Как невероятно он разросся с тех пор, как я увидела его впервые! Дома современной архитектуры по большей части выглядели уродливо и совершенно не подходили для местного климата. Они были скопированы из новомодных журналов — французских, немецких, итальянских. В них нет сирабов, куда можно спуститься в дневную жару, и окна совсем не похожи на традиционные — маленькие, прорезанные в верхней части стены, чтобы скрадывать солнечный свет. Быть может, оборудование ванных и уборных в них лучше (хоть я и сомневаюсь). Оно теперь хорошо выглядит — сиреневые или светло-лиловые унитазы и прочее, — но канализационная система все равно нигде не работает как положено. Все сточные воды по-прежнему спускаются в Тигр, и количество воды для смыва, как обычно, удручающе недостаточно. Есть что-то особенно раздражающее в красивом современном оборудовании ванных и туалетов, которые не работают из-за недостатка воды в водозаборах.
Должна рассказать и о нашем первом после пятнадцатилетнего перерыва визите в Арпачию. Нас там сразу же узнали. Вся деревня высыпала из домов, приветствуя радостными возгласами.
— Вы меня не помните, госпожа? — спросил один человек. — Я был мальчиком, таскал землю в корзинах, когда вы уезжали. А теперь мне двадцать четыре, я женат, у меня есть большой сын, взрослый, я вам его покажу!
Их удивляло, что Макс не может припомнить каждого по имени и в лицо.
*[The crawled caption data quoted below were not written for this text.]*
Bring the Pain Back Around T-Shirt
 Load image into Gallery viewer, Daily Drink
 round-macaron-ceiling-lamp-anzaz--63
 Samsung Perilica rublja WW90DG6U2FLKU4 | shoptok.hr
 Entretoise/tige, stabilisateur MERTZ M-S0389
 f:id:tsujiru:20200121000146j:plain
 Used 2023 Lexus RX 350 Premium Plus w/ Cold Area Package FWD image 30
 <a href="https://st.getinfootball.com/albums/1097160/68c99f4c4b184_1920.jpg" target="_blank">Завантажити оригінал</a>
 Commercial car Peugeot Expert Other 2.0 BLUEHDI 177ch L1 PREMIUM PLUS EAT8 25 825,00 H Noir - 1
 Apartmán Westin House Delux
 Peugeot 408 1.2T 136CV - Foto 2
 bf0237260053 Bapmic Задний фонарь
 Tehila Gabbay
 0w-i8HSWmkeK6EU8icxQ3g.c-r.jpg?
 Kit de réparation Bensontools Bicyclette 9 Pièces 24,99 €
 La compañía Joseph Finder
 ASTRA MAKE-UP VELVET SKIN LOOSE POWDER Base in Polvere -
Они вспоминали знаменитые скачки, вошедшие в местную историю. Повсюду нас встречали друзья пятнадцатилетней давности.
Однажды я ехала по Мосулу в грузовичке. Полицейский-регулировщик вдруг поднял свой жезл и с криком: «Мама! Мама!» — бросился к грузовику, схватил мою руку и бешено затряс ее.
— Какая радость видеть тебя, мама. Я Али — мальчик-официант, помнишь? Да? Теперь я полицейский!
С тех пор при каждой поездке в Мосул я встречала Али, и как только он видел нас, движение на улице замирало, мы приветствовали друг друга, после чего он давал нам зеленую улицу.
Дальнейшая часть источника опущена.